4. M. C... soutient à l'encontre de la décision portant obligation de quitter le territoire français et à l'encontre de celle portant interdiction de retour sur le territoire français pour une durée de deux ans qu'il est parfaitement intégré en France où il réside depuis de nombreuses années et où il a noué de nombreux liens amicaux. Toutefois, M. C... étant célibataire et sans charges de famille, il n'apporte aucun élément sur les liens personnels et familiaux qu'il aurait pu nouer en France, non plus que sur une insertion professionnelle alléguée sans en justifier. Dans ces conditions, M. C... n'est pas fondé à soutenir que les décisions portant obligation de quitter le territoire français et interdiction de retour sur le territoire français pendant une période de deux ans ont porté à son droit au respect de sa vie privée et familiale tel qu'il est garanti par les stipulations conventionnelles précitées une atteinte disproportionnée aux buts en vue desquels elles ont été prises.

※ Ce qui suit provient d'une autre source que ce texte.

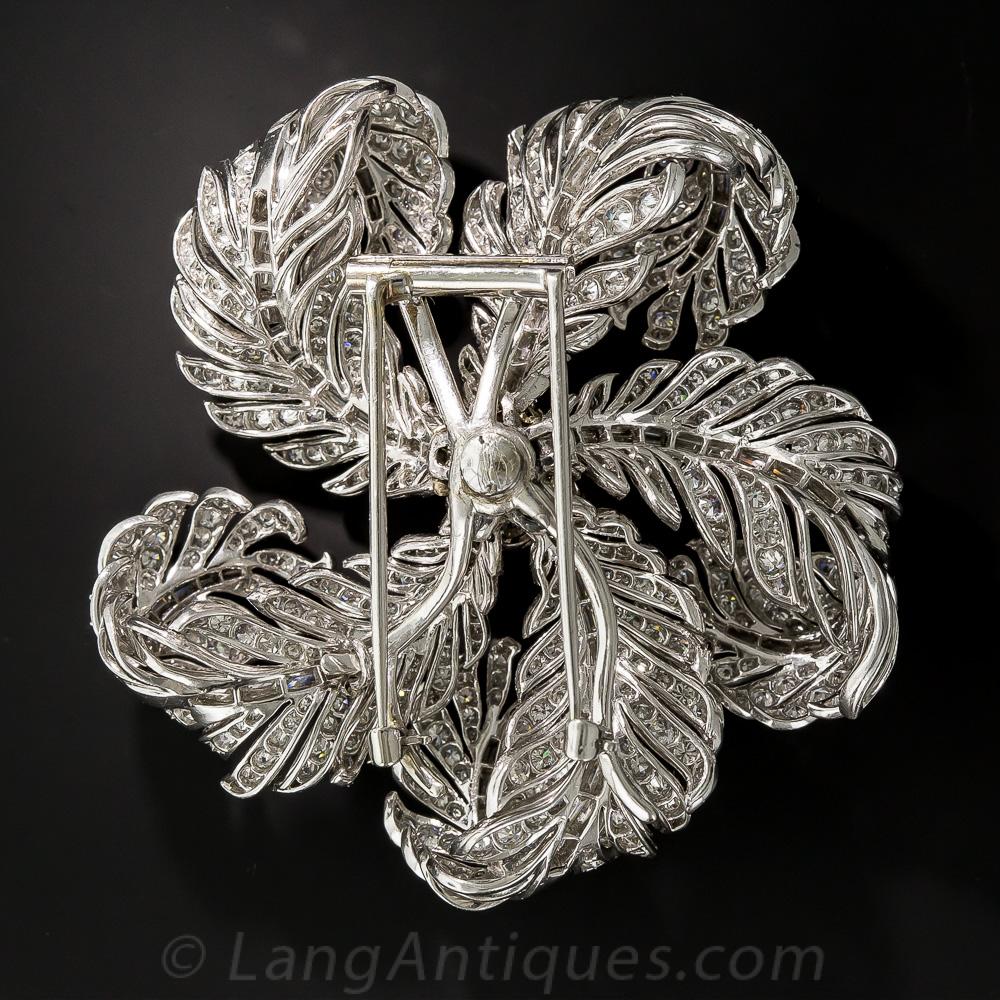 A sparkling kinetic pinwheel design comprised of blinding bright-white diamond feathers make for the most magnificent and mesmerizing corsage brooch ever! Measuring in at an impressive 2 and 5/8 inches, this opulent, multi-dimensional ornament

5. Pour les mêmes motifs que ceux exposés au point 4 ci-dessus et compte tenu de l'ensemble des circonstances, M. C... n'est pas fondé à soutenir que la décision portant obligation de quitter le territoire français serait entachée d'une erreur manifeste dans l'appréciation de ses conséquences sur sa situation personnelle.
Sur les conclusions dirigées contre la décision portant obligation de quitter le territoire français :
6. Aux termes de l'article L. 313-11 du code de l'entrée et du séjour des étrangers et du droit d'asile : " Sauf si sa présence constitue une menace pour l'ordre public, la carte de séjour temporaire portant la mention " vie privée et familiale " est délivrée de plein droit : (...) 6° A l'étranger ne vivant pas en état de polygamie, qui est père ou mère d'un enfant français mineur résidant en France, à la condition qu'il établisse contribuer effectivement à l'entretien et à l'éducation de l'enfant dans les conditions prévues par l'article 371-2 du code civil depuis la naissance de celui-ci ou depuis au moins deux ans, sans que la condition prévue à l'article L. 313-2 soit exigée ".
7. Dès lors que M. C... ne soutient ni n'allègue qu'il serait le père d'un enfant de nationalité française, le moyen tiré de l'erreur de droit ne peut qu'être écarté.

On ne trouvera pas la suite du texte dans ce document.